[readme] More informative README

2015-09-24 23:02:09 -04:00
parent 9901dd2aac
commit 3e256404b9
1 changed files with 346 additions and 3 deletions
--- a/README.md
+++ b/README.md
@@ -1,4 +1,347 @@
-# libpostal
-Fast, international postal address normalization in C
+     ___        __                               __             ___      
+    /\_ \    __/\ \                             /\ \__         /\_ \     
+    \//\ \  /\_\ \ \____  _____     ___     ____\ \ ,_\    __  \//\ \    
+      \ \ \ \/\ \ \ '__`\/\ '__`\  / __`\  /',__\\ \ \/  /'__`\  \ \ \   
+       \_\ \_\ \ \ \ \L\ \ \ \L\ \/\ \L\ \/\__, `\\ \ \_/\ \L\.\_ \_\ \_ 
+       /\____\\ \_\ \_,__/\ \ ,__/\ \____/\/\____/ \ \__\ \__/.\_\/\____\
+       \/____/ \/_/\/___/  \ \ \/  \/___/  \/___/   \/__/\/__/\/_/\/____/
+                            \ \_\                                        
+                             \/_/                                        
+    ---------------------------------------------------------------------

-N.B. in the process of uploading everything to Github. Stay tuned...

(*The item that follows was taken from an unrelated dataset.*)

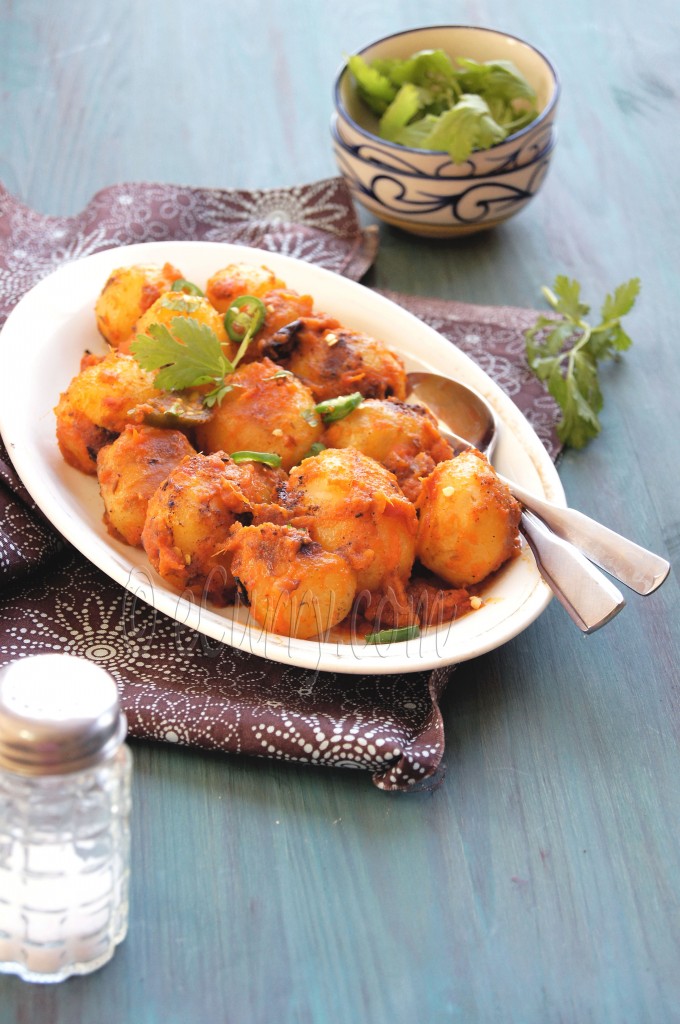 Niramish Dum Aloo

+**N.B.**: libpostal is not publicly released yet and the APIs may change. We
+encourage folks to hold off on including it as a dependency for now.
+Stay tuned...
+
+libpostal is a fast, multilingual, all-i18n-everything NLP library for 
+normalizing and parsing physical addresses.
+
+Addresses and the geographic coordinates they represent are essential for any
+location-based application (map search, transportation, on-demand/delivery
+services, check-ins, reviews). Yet even the simplest addresses are packed with
+local conventions, abbreviations and context, making them difficult to
+index/query effectively with traditional full-text search engines, which are
+designed for document indexing. This library helps convert the free-form
+addresses that humans use into clean normalized forms suitable for machine
+comparison and full-text indexing.
+
+libpostal is not itself a full geocoder, but should be a ubiquitous
+preprocessing step before indexing/searching with free text geographic strings.

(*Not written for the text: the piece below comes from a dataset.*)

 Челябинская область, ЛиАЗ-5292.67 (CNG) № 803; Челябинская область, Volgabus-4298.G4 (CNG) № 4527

+It is written in C for maximum portability and performance.
+
+libpostal's raison d'être
+-------------------------
+
+libpostal was created as part of the [OpenVenues](https://github.com/openvenues/openvenues) project to solve 
+the problem of place deduping. In OpenVenues, we have a data set of millions of
+places derived from terabytes of web pages from the [Common Crawl](http://commoncrawl.org/).
+The Common Crawl is published every month, and so even merging the results of
+two crawls produces significant duplicates.
+
+Deduping is a relatively well-studied field, and for text documents like web
+pages, academic papers, etc. we've arrived at pretty decent approximate
+similarity methods such as [MinHash](https://en.wikipedia.org/wiki/MinHash). 
+
+However, for physical addresses, the frequent use of conventional abbreviations
+such as Road == Rd, California == CA, or New York City == NYC complicates
+matters a bit. Even using a technique like MinHash, which is well suited for
+approximate matches and is equivalent to the Jaccard similarity of two sets, we
+have to work with very short texts and it's often the case that two equivalent
+addresses, one abbreviated and one fully specified, will not match very closely
+in terms of n-gram set overlap. In non-Latin scripts, say a Russian address and
+its transliterated equivalent, it's conceivable that two addresses referring to
+the same place may not match even a single character.
+
+libpostal aims to create normalized geographic strings, parsed into components,
+such that we can more effectively reason about how well two addresses
+actually match.
+
+As a motivating example, consider the following two equivalent ways to write a
+particular Manhattan street address with varying conventions and degrees
+of verbosity:
+
+- 30 W 26th St Fl #7
+- 30 West Twenty-sixth Street Floor Number 7
+
+Obviously '30 W 26th St Fl #7 != '30 West Twenty-sixth Street Floor Number 7'
+in a string comparison sense, but a human can grok that these two addresses
+refer to the same physical location.
+
+Isn't that geocoding?
+---------------------
+
+If the above sounds a lot like geocoding, that's because it's very similar,
+only in the OpenVenues case, we do it without a UI or a user to select the
+correct address in an autocomplete. It's server-side batch geocoding
+(and you can too!)
+
+Now, instead of giant Elasticsearch synonyms files, etc.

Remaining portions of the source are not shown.